## What you should do
Each record here should be printed again exactly; please leave its pictures out.

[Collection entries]
- - - - - - -
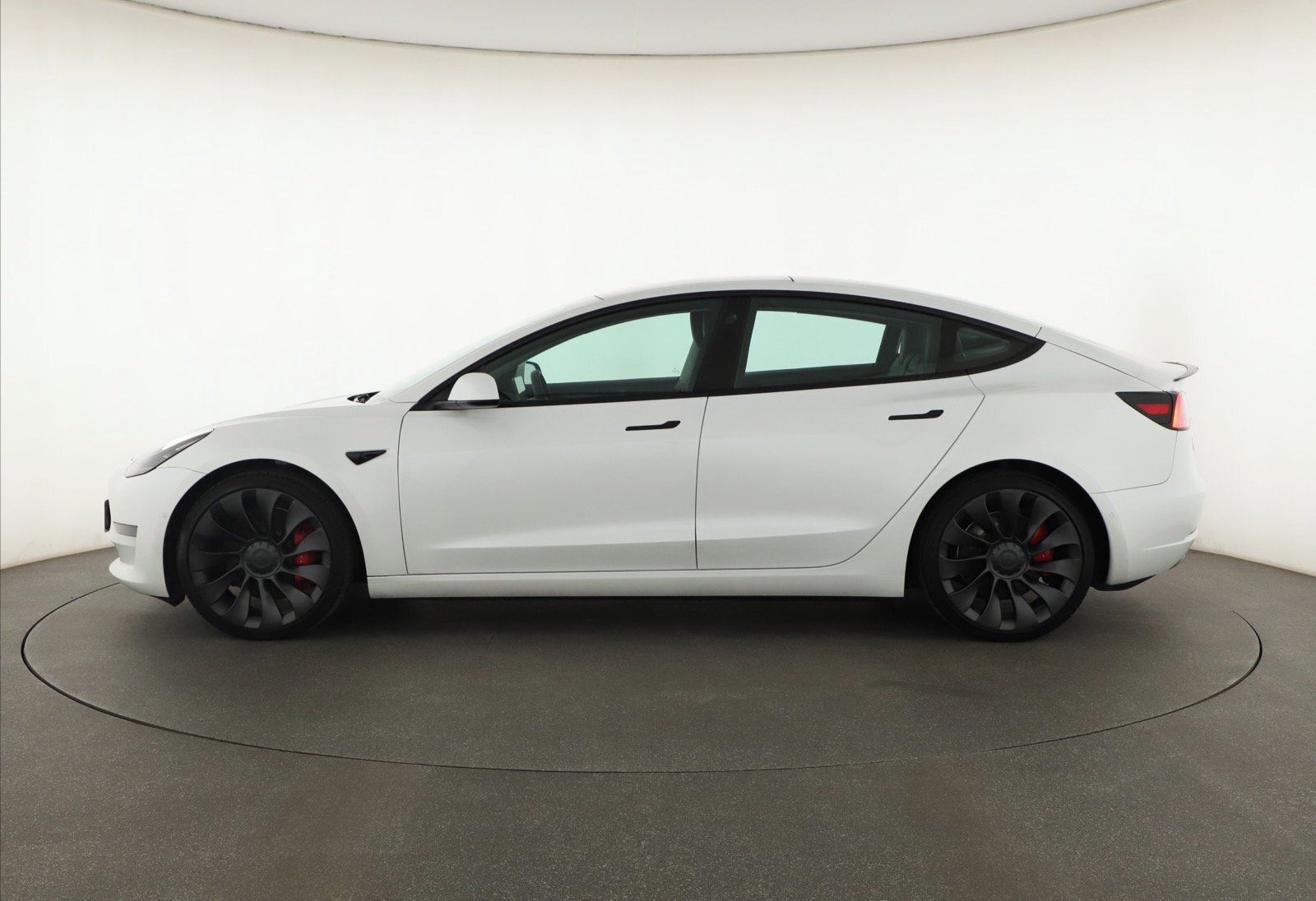Tesla Model 3, Performance 82kWh, SoH 98% - fotka 3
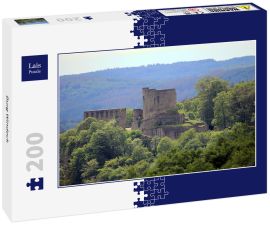 Lais Puzzle - Burg Windeck - 200 Teile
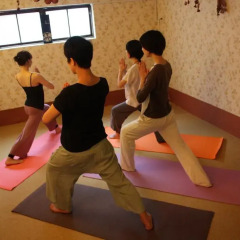 Отель Kiya Ryokan Мисаса фитнесс-зал фото 2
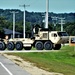 September 2021 training operations at Fort McCoy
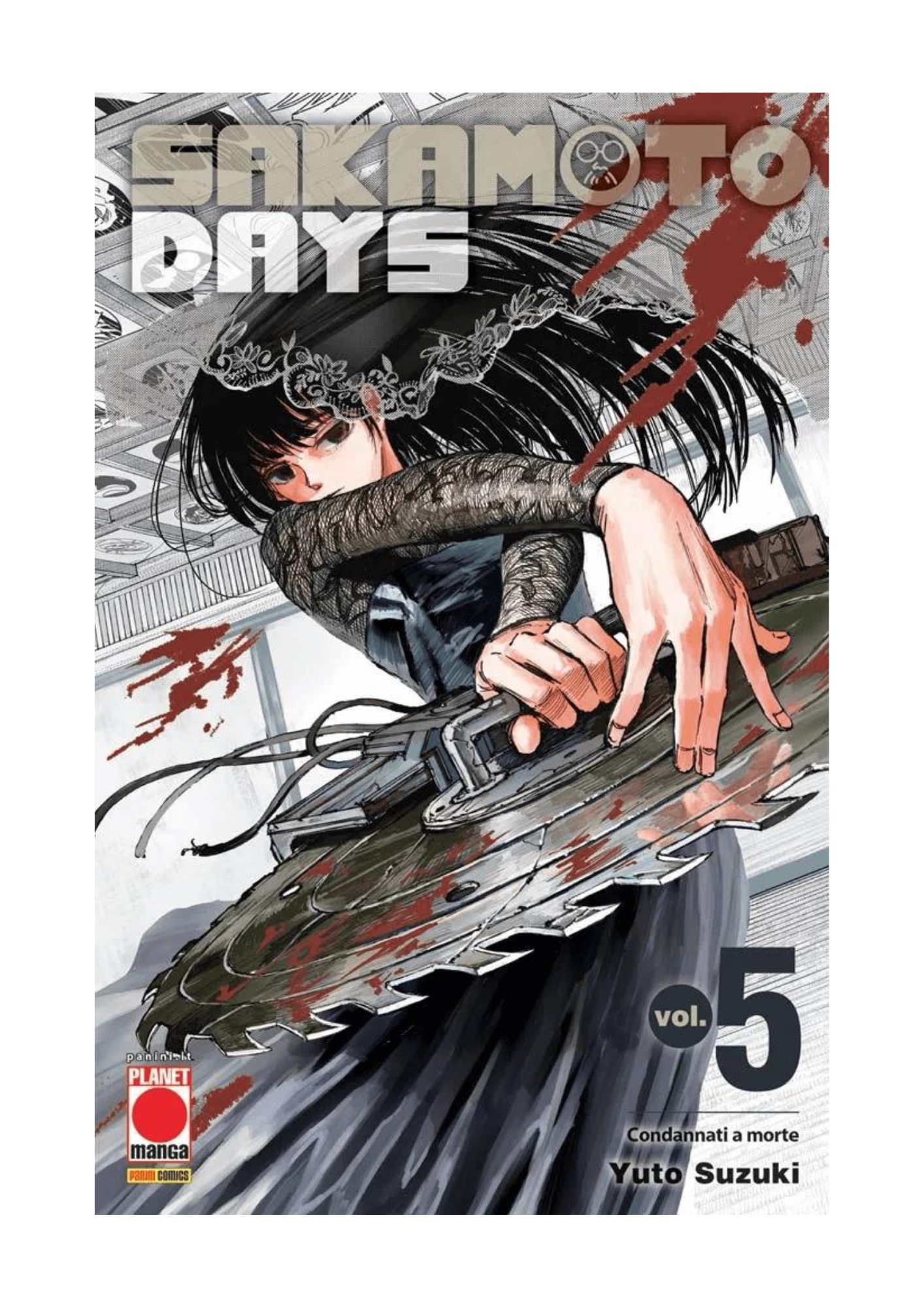 Sakamoto Days 5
- - - - - - -
## Task output
Tesla Model 3, Performance 82kWh, SoH 98% - fotka 3
 Lais Puzzle - Burg Windeck - 200 Teile
 Отель Kiya Ryokan Мисаса фитнесс-зал фото 2
 September 2021 training operations at Fort McCoy
 Sakamoto Days 5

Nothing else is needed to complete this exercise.